N  - port number, DV - Divider pipe (on port 0), D - Data fetch pipe (on ports 2 and 3) 
CP - on a critical Data Dependency Path
N  - number of cycles port was bound
X  - other ports that can be used by this instructions
F  - Macro Fusion with the previous instruction occurred
^  - Micro Fusion happened
*  - instruction micro-ops not bound to a port
@  - Intel AVX to Intel SSE code switch, dozens of cycles penalty is expected
!  - instruction not supported, was not accounted in Analysis

| Num of |          Ports pressure in cycles          |    |
|  Uops  |  0 - DV |  1 |  2 -  D |  3 -  D |  4 |  5 |    |
------------------------------------------------------------
|   1    |  1 |    |  X |    |    |    |    |    |  X | CP | pxor xmm0, xmm1
|   0*   |    |    |    |    |    |    |    |    |    |    | pxor xmm2, xmm2
|   0*   |  X |    |  X |    |    |    |    |    |  X | CP | vpxor xmm3, xmm3, xmm4
|   0*   |    |    |    |    |    |    |    |    |    |    | vpxor xmm5, xmm5, xmm5

About "vpxor xmm3, xmm3, xmm4" instruction, it seems must to be decoded to 1 uop.
So I think that the interpretation of the first operand and the third operand is contrary on the IACA.
Other some operations that destination register value absolutely becomes zero-all (ex: xorps, xorpd, psub*, pcmpgt*) are similar too.

In addition, IACA will be segfault by the following code (only 0 uop instruction(s) between markers).

;START_MARKER
mov ebx, 111
db 0x64, 0x67, 0x90

vpxor xmm0, xmm0, xmm0 ;0 uop

;END_MARKER
mov ebx, 222
db 0x64, 0x67, 0x90

Hi,

Thank you for your input.
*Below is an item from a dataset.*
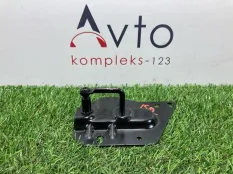 Ответная часть замка капота Audi A4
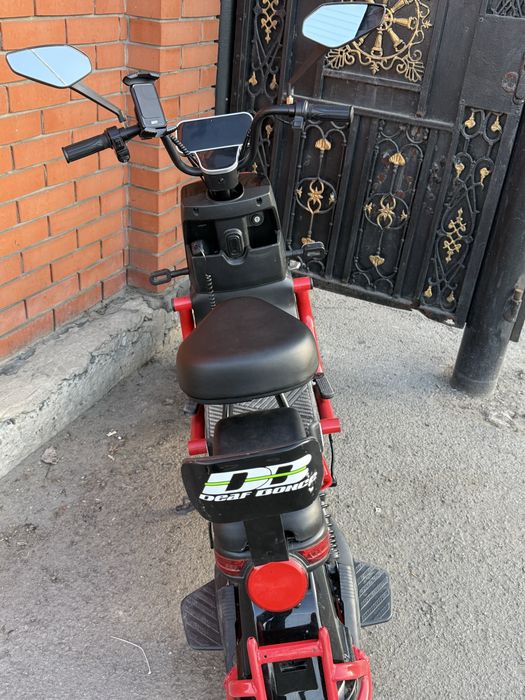 Продам электроскутер танк 108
The checking of the idiom was incorrect for the AVX version.

I'm currently working on fixing this matter and other matters as well. I will update when a fix will be available on whatif.

Tal

Quoting - Tal Uliel (Intel)

Hi,

Thank you for your input. The checking of the idiom was incorrect for the AVX version.
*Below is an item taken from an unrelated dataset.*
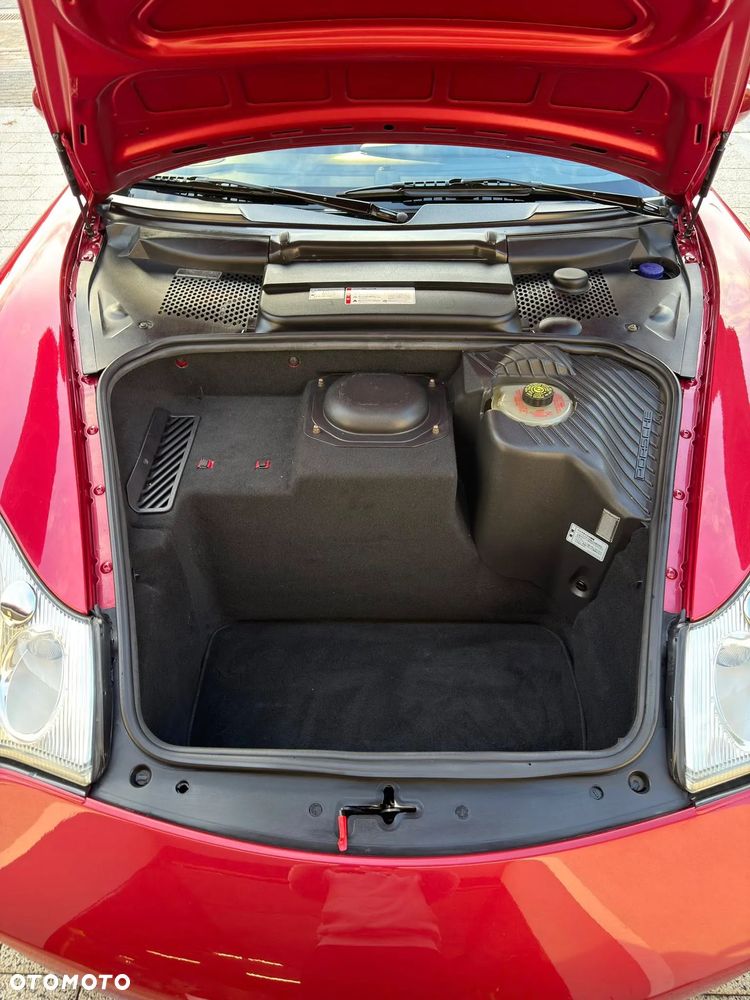 Porsche 911 Carrera 4S - 19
I'm currently working on fixing this matter and other matters as well. I will update when a fix will be available on whatif.

Tal

thank you i will publish all...

all [URL=\\"http://www.youtube-izlesene.org\\"]youtube[/URL] videos and [URL=\\"http://www.1lig.net\\"]health articles[/URL]

youtube and Health Service

Quoting - Tal Uliel (Intel)

Hi,

Thank you for your input. The checking of the idiom was incorrect for the AVX version.

I'm currently working on fixing this matter and other matters as well. I will update when a fix will be available on whatif.

Tal

A fixed version (1.1.1) was released today.

Tal

Deixar um comentário

Faça login para adicionar um comentário. Não é membro? Inscreva-se hoje mesmo!